Traditional investments include publicly traded stocks, bonds, and cash–funds that include a mix of the three. These investments typically appear in your workplace 401(k) plan and are most common in the portfolios of retail investors. Alternative investments are other asset classes that may add diversity to a portfolio.

Common alternative investments include gold, art, and real estate, but there are many different other alternative investments. Many investors like alternative, or non-conventional, investments because they perform independently of the stock market, potentially boosting returns and reducing overall losses during a market downturn. That’s particularly attractive during times of high volatility in the stock and bond markets.

However alternative investments also tend to have less liquidity, since they don’t always trade on public markets, and they can carry other risks as well, such as valuation challenges or increased use of leverage. So they’re not always appropriate for beginner investors. Let’s look into some popular alternative investment options, their potential benefits and downsides.

What Are Alternative Investments?

Alternative investments are assets other than stocks and bonds investors believe offer higher potential returns and low correlation to traditional assets like stocks and bonds. Securities regulators consider some alternative assets, like hedge funds and private equity, risky, making those assets available only to high net-worth, accredited investors.

There are, however, plenty of alternative assets, such as real estate and commodities, available to retail investors.

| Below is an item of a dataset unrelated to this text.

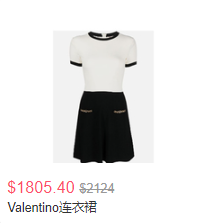 各站同步!TESSABIT官网现有SS23春夏新品85折促销优惠码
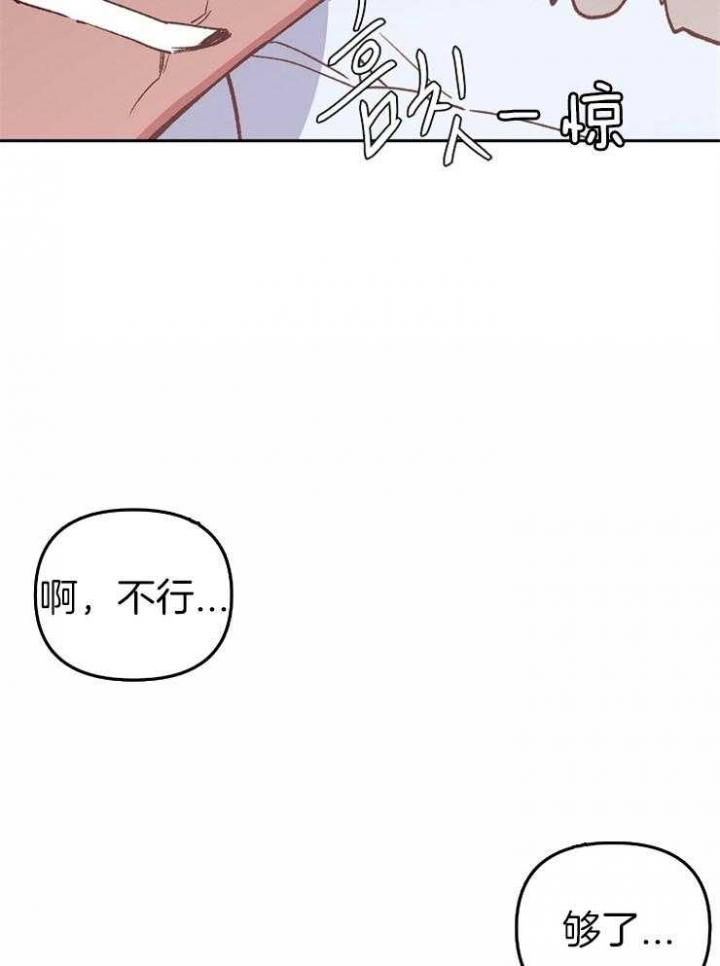 《为祖上鼓掌》漫画最新章节第54话免费下拉式在线观看章节第【10】张图片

Alternative Investment Strategies

There are several ways that alternative investments can make money. Each alternative investment is different, so investors should consider what their goals are when choosing assets to buy. Alternative investments typically fall into one of three categories:

•   Income: Some alternative investments provide a steady source of income, such as a rental property or a franchise.

•   Growth: This type of investment appreciates in value over time. Growth investments include assets like art and wine.

•   Balance: Some investments provide a balance of growth and income, such as a rental property, which might offer cash flow (in rent payments) as well as capital appreciation.

25 Alternative Investment Ideas

The following is not a full list of alternative investment options, but it does cover many of the more common options.

1. Real Estate

Real estate is one of the oldest asset classes available to investors. Aside from owning your home, you can invest in real estate by owning a rental property, flipping a house, investing in commercial real estate, industrial real estate, or other options. Investors can also buy into Real Estate Investment Trusts, or REITs.

Investing in real estate requires some knowledge, skill, and luck, but this popular alternative investment generally does well in all economic cycles.

2. Precious Metals

Precious metals such as gold and silver are popular alternative investments. Some investors consider them a safe store of value and a good hedge against inflation.

Investors can get exposure to precious metals by buying them directly or through exchange-traded funds (ETFs) or mining stocks. Precious metals have high liquidity levels, but they can still be very volatile during stock market drops.

3. Commodities

Individuals can invest in natural resources, including agriculture, metal, and energy. This includes raw materials such as coffee, sugar, beef, and corn. Generally, investors participate in commodity trading using futures contracts or ETFs.

4. Oil and Gas Limited Partnerships (LPs)

Oil and gas companies need ongoing investment to continue operating. Investors can buy into oil and gas LPs for exploration, land development, income, services, and support. While often featuring high yields, these investments can have complicated tax impacts.

5. Equity Crowdfunding

Investors can buy a slice of startup companies through equity crowdfunding platforms. This differs from traditional crowdfunding in that investors actually own equity in the company. This is considered a risky investment, because if the startup fails, investors may lose all of their money. On the other hand, if a startup does well, investors can see significant gains.

6. Art

Investing in art has traditionally been something only available to high net worth individuals, but there are some new ways to buy into this market through shares and crowdfunding. Interested investors can also buy into index funds that track with the art market.

7. Wine

High-end wine is an investment because wineries only produce a limited number of bottles produced each year. As the years go by, the number of bottles of each particular type of wine decreases, making each bottle more valuable, as long as demand for it continues. Wine can also be a play on climate change in that growing conditions could be negatively impacted by shifts in temperature and precipitation patterns.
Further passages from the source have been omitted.